There are a couple of things that often strike when you drive into Elland - it has some magnificent buildings and you’ll not have trouble parking.
Yes, it has something of a backwater feeling to it - especially at night - but when you get to the mini roundabout in the town centre you’re struck by Southgate Methodist Church and now Hanif’s restaurant opposite which is in the old town hall building.
It was Indigo’s but it’s now under new management.
Indigo’s was smart inside with great lighting and the new owners have kept all that ... and ‘plushed’ it up. Yes, even the seats have ‘jewels’ set in them.
It’s a big restaurant and there are even more seats upstairs and with a clever use of mirrors it looks even larger. It makes you wonder where all the people are going to come from to fill it.
Now there are two things you need to know about Hanif’s before we start. You can take your own booze. That’s good.
And it’s cash only. That’s not so good.
But help is at hand with a cash machine in the wall at the post office opposite.
On the way back I noticed what I first thought were Christmas posters on the window but then realised it was artwork of Christmas scenes painted on by artist Jenny Tribillon. Now that’s an amazing skill.
There were four of us on this culinary outing - me, wife Ruth and curry loving friends Mark and Shirley.
Hang on, there’s a third thing. The menu has an extensive choice for vegetarians. Another good thing with paneer soft indian cheese often putting in a special guest appearance.
You can tell when Mark and Shirley are hungry - they’ll go for a mixed kebab (£4.95) featuring shami kebab, seekh kebab, chicken tikka and onion bhaji. They must have been ravenous as both ordered them to get things up and running. Mine was prawn puri (£4.20) cooked in a rich masala sauce while Ruth had masala fish (£4.95), haddock marinated in light spices, whole coriander, cumin and shallow fried.
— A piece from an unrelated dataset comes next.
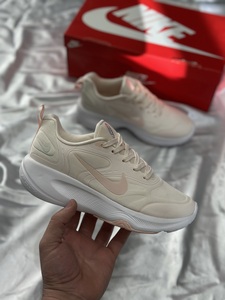 “Nike   “ pink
It’s a good mixed kebab. No, it’s better than good., nestling on its bed of fried onions, with everything really well spiced and the seekh kebab one of the best we’ve had in years ... and we’ve had some great ones at other restaurants. The prawns were in just the right amount of sauce and plenty of them and the puri is just how a puri should be, melts the moment you put it in your mouth. It’s almost like magic. How do they do that?
The fish was a good sized, light starter to really set the palate up for the main course.
These were a couple of Raam Laals (£8.95), pot roasted chicken tikka with potatoes, mushrooms, tomatoes, garlic, chillies, herbs and spices; Rawal E Special (£8.95), diced chicken breast, keema and prawns cooked with cream, tomatoes, garlic, ginger and garnished with coriander while Ruth went a tad off piste with vegetarian dish karahi paneer chilli palak (£7.95) featuring diced Indian cheese cooked with garlic, ginger, tomatoes, spinach, fresh chopped chillies and fresh coriander.
When they arrived they looked good but, as we all know, looks can be deceptive. It’s taste that counts in this game and they quickly racked up high scoring numbers. The Raam Laal had small chunky pieces of potato and wonderfully cooked chicken in plenty of sauce. The chef highly recommends this dish and well he might as he knows he’s on to a winner.
The karahi is spot on for spinach lovers and packed with flavour but not as punchy as you’d expect even though chilli had got itself involved along the way.
Shirley’s Rawal dish is one of those with so much in it every mouthful’s different yet works so well together.
Something a bit different on the rice front - chick peas rice (£2.95) that gives pillau rice an added interest boost - while the garlic and cheese nan and peshwari nan (£2.95) were both huge but not, as my mum would say, over-facing.
Great meal, plush surroundings and it was warm in there even though temperatures had plummeted to -1˚C outside.
Go on, be adventurous and give Elland a try. Perhaps have an afternoon at the good old fashioned Rex cinema - you can get cups of tea in mugs at the interval - and then pop down to Hanif’s for tea.
3-7 Southgate, Elland, HX5 OEU
Phone: 01422 377325
Opening hours: Sunday to Thursday 5pm to 11pm; Friday and Saturday 5pm to 12pm.
Children: Yes and they do a child’s menu such as chicken korma and chips
Disabled: Access and a disabled toilet.